Bir diğer husus ta şundan ibarettir. Diyelim ki, Türkiye'nin KKTC'yi tanıtma isteği oldu. Bu durumda Azerbaycan KKTC'yi tanıyabilir mi? Hemen söyleyelim tanıyamaz. Nedeni bellidir. Dağlık Karabağ gibi bir sorunu olan ülkenin kendisinden ayrılan bir bölgenin bağımsızlık isteği varken başka bir bağımsızlık isteyen yeri tanıması demek kendi tezlerini çürütmesi anlamına gelir. Bu takdirde Yunanistan ve Kıbrıs Rum kesimi anında Dağlık Karabağ'ın bağımsızlığı tanır ki, bu da sorunu daha da içinden çıkılamaz hale getirir.

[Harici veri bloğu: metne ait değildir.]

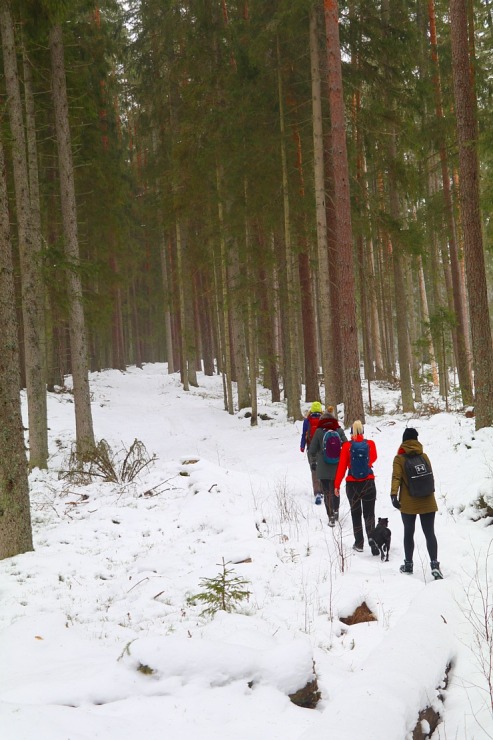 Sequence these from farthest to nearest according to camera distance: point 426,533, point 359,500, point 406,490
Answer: point 359,500, point 406,490, point 426,533

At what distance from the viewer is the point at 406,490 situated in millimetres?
6262

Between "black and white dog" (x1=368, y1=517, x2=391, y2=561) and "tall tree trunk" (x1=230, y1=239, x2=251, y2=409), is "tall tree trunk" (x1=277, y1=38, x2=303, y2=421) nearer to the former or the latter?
"tall tree trunk" (x1=230, y1=239, x2=251, y2=409)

Bu konudaki bilgisizliğin ve cehaletin son bulması gerekir.
.
Rahmetli Haydar Aliyev'in çok doğru bir şekilde ortaya koyduğu "bir millet iki devlet" anlayışı bugün maalesef tehlike altındadır. Atılan bütün adımlar, yapılan bütün yanlışlar sanki bu anlayışı yıkmak için planlanmıştır. Dönemin ABD Dışişleri Bakanlığı Müsteşar Yardımcısı Matt Bryza, Ocak 2009'da Erivan'daki bir konferansta yaptığı konuşmada Ermenistan ile ilişkilerin normalleştirilmesine yönelik olarak Türkiye'den ilginç bir istekte bulunmuştu. Bryza, konuşmasında özetle Türkiye ile Azerbaycan arasındaki 'bir millet iki devlet' düşüncesinin değişmesi gerektiğini çağrısında bulunmuştur. Ocak 2009 tarihinde Bryza'nın bu çağrısına çok anlam verilememişti. Ancak bugün yaşananları gördüğümüzde maalesef ki taşların yerine oturduğu görülmektedir.